A plan for succession

But what about Pence?

That’s the question everyone asks when you bring up impeaching President Donald Trump. If Trump were to leave office before the end of his term, Mike Pence would become president — and that would mean a competent ultra-right-winger, possibly also a crook, sitting in the White House in place of the current corrupt fool.

Look to recent history for a succession plan. In the final days of Richard Nixon’s administration, people had the same concerns about Vice President Spiro Agnew, who was under investigation for bribery and corruption charges going back years.

Removing one crook from office — Nixon — meant giving the White House to another crook, conceivably as bad or worse. The whole idea stank.

The solution was a plea deal for Agnew and a job offer for Gerald Ford, a moderate, respected Republican without a whiff of corruption. Under the deal, in 1973 Agnew resigned the vice presidency, paid a $10,000 fine and got probation but no jail time on a tax evasion charge. Other charges were dropped.

Ten months later Nixon appointed Ford to the vice presidency — with the understanding, some have said, that, as the new president, Ford would pardon Nixon from criminal charges in Watergate, which he did. (Ford denied that such a deal was cut.)

The worst of the White House crooks got off without going to jail, but the nation survived one of its worst political crises ever.
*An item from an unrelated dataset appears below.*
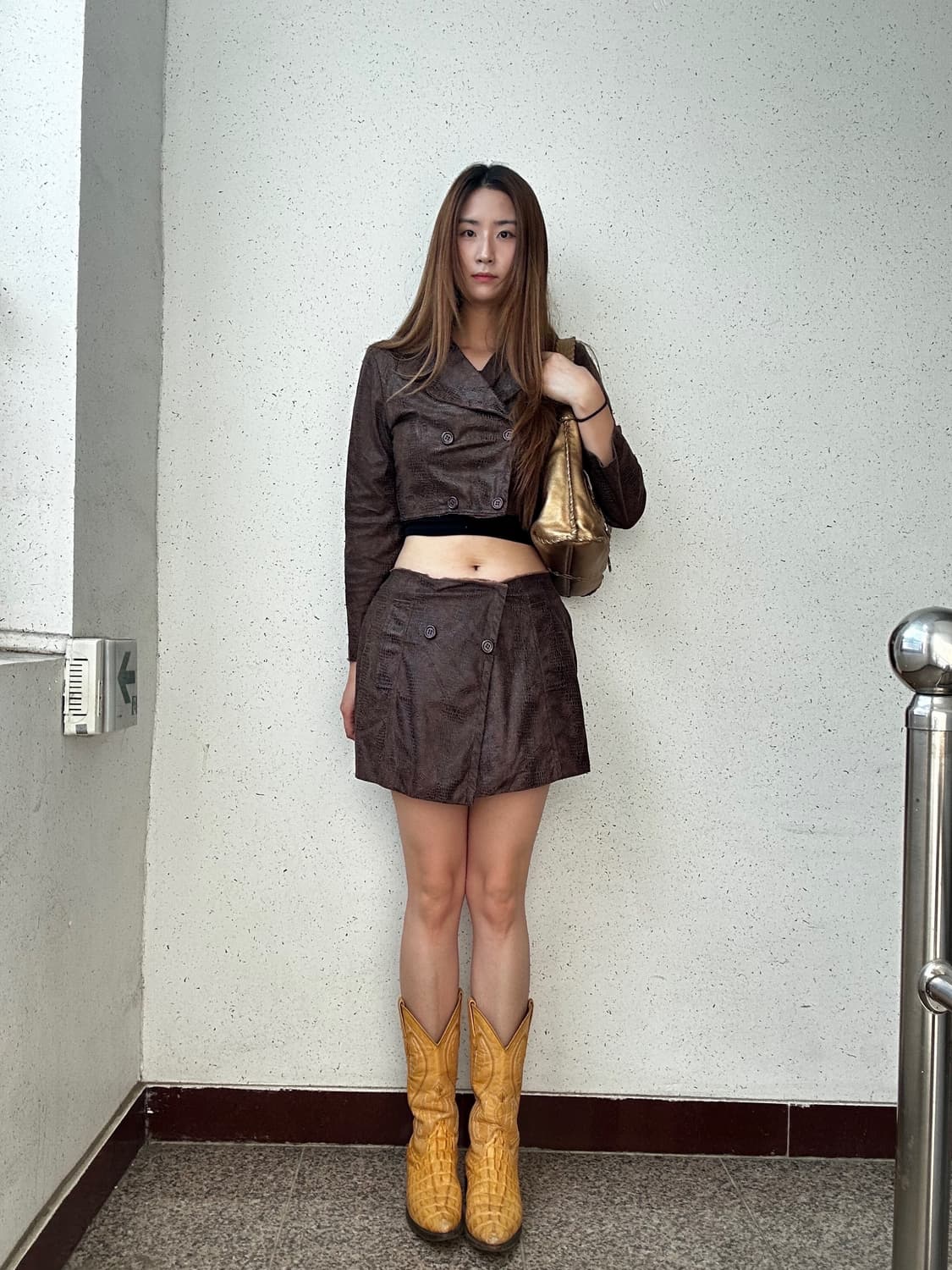 브라운 파이톤 에코레더 크롭자켓 셋업 상품이미지3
Could that happen with Pence? On the surface, the vice president seems clean of the cesspool of corruption that surrounds Trump. But he’s already been sucked into parroting the web of lies coming out of the White House. If he made the mistake of repeating any of those lies to the Justice Department’s special counsel Robert Mueller, it may be time to play Let’s Make a Deal. 

Writer and photographer Bob Keefer is arts editor of Eugene Weekly. On Jan. 21, 2017, he took part in a political demonstration for the first time since Nixon invaded Cambodia in 1970.